低公害ディーゼル

 日本ではハイブリッドとか燃料電池車が低公害車として認知されているが、ヨーロッパはディーゼルが低公害車として認知されている。ディーゼルと聞くと黒煙を出すとか走らないとか悪いイメージが日本では先行するのだが、現在ヨーロッパで売られているディーゼル車は、いろいろな技術を組み合わせることによって日本人の抱くイメージとはかけ離れたものになっている。

 ボッシュのコーナーにあった展示物で説明しよう。
 これは「コモンレール」という噴射装置を使ったディーゼルエンジン。ガソリン車でいうところのインジェクションを使ったエンジンに相当する。コモンレールを使うことで任意のタイミングで燃料を多段噴射できるようになった。それにより排ガス削減とパワーアップを両立できる燃焼が可能となったのだ。なお、ガソリン車のインジェクターをディーゼルエンジンに適用しても、噴射圧力が足らないために動かない。ここに技術の進歩があったわけだ。








 あとこれがディーゼルエンジンの排ガス浄化装置。ガソリン車に比べて非常に複雑である。




 たいていの場合3つの触媒みたいなものがついている。1つは未燃の軽油と一酸化炭素を燃やす酸化触媒、もう1つが窒素酸化物を還元するNOx吸蔵触媒、最後は黒煙を取り除くDPFである。







 こららは排気管につけておけば、ちゃんと動いてくれるというわけではなく、極めて複雑な制御が必要となる。例えば、触媒の前に故意に軽油を添加するなどの制御を行う。下の写真に「HC添加インジェクタ」というのがあるが、これが該当する。




 書くのがいい加減めんどくさいので(笑)、このあたりの複雑な制御の詳細について知りたい人は、お近くの詳しい人に聞いてください(そんなやついないか)。

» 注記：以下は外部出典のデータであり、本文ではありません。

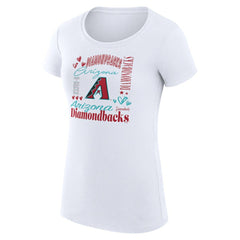Arizona Diamondbacks G-III 4Her by Carl Banks Women's Super-Slim Fit Lightweight Collage Team Graphic Crew Neck T-Shirt | MLB New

 ヨーロッパ向けディーゼル車の乗り味だが、正直驚かされた。普通に走る上ではガソリン車とあまり変わらないのだ。エンジンはディーゼルと思えないほど上までよく回るし、ディーゼルっぽいガラガラという音も聞き耳を立てないとわからない。黒煙も出ない。初めて借りて乗ったとき「これ確かディーゼルだよね」と、ボンネットをあけて確認したほどである。
 低公害車という面で見ると、ディーゼルは効率が高いためCO2の発生量が少ない。おまけにハイブリッドよりもコストが安い。ヨーロッパでは昔からディーゼルが多かったため、低公害のディーゼルでも違和感がない。むしろ今までよりよく走る。というわけでヨーロッパではディーゼルを低公害車と考えているわけだ。